I’m pretty far removed from the main animation community, being an amateur who lives in the Midwest. But I do read some animation blogs and books here and there. Most seem to be concerned with industry related matters, or with technical issues. Rarely do any of them talk much about the big picture– why in the hell does anyone make or watch cartoons in the first place? Where does the original impulse come from? What is their real, useful function in the world, and how are they different from live-action films, comics, theater, and music?
It’s something I think about a lot. I find it helps me to put off doing my work.
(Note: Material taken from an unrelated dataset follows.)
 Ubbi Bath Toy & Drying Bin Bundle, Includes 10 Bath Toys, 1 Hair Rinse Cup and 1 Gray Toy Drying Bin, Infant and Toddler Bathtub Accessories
Jaron Lanier is a computer programmer, musician, and humanist. Oddly, I think he has produced more inspiring and useful writing on these matters than (with a few exceptions) most animation critics — even though he’s usually talking about software. (also, he’d make a wonderful cartoon character, wouldn’t he?)
The bastardized quotes from above are from an essay he wrote for the Association for Computing Machinery, on the subject of “hope” in the next 50 years of computing. (with apologies to Mr. Lanier) I replaced a few words (”software” with “film,” etc.) and presto! the quotes apply to animation!
I suppose these particular exerpts are a bit like a fortune teller’s platitudes (”Love is precious to you…” “Love is precious to me! How did she know?!”) So, they would likely apply to just about any creative profession… try it at home!
Still, there are some strange parallels between the software and animation businesses. Both are faced with figuring out how to make money when everything can be duplicated and downloaded easily… Both are perpetually locked in struggles between the needs of large industrial proprietors, and those of the small, independent innovators off of whom they feed… If they expect to thrive, both must figure out how to escape the shadows and defy the legacies of some powerful, looming corporations (Microsoft and Disney)…
For me, all this reinforces the notion that there might be real human usefulness to be found in both fields. Maybe (as Mark Mayerson has suggested) animation has never warranted this kind of discussion. Maybe it’s all counter-productive navel-gazing, anyway.
I don’t know what my point is. I’m just putting off my work. I hope I have helped you put off your own for a few minutes. Get the hell back to it! Make something useful!
Below are the original quotes from Lanier’s essay. Alther them to suit your own creative profession!
Lanier:
How do we make beautiful software? General engineering principles… are good enough to create elegance, but not beauty. Beauty requires an awareness of human affairs outside the computer.
…and:
When software design decisions aren’t made in reference to human concerns, they can only be made in reference to each other, leading to a self-referential bundle of nonsense suspended by a sky hook…
When we treat information systems as no more than conduits between human imaginations, grand vistas open up.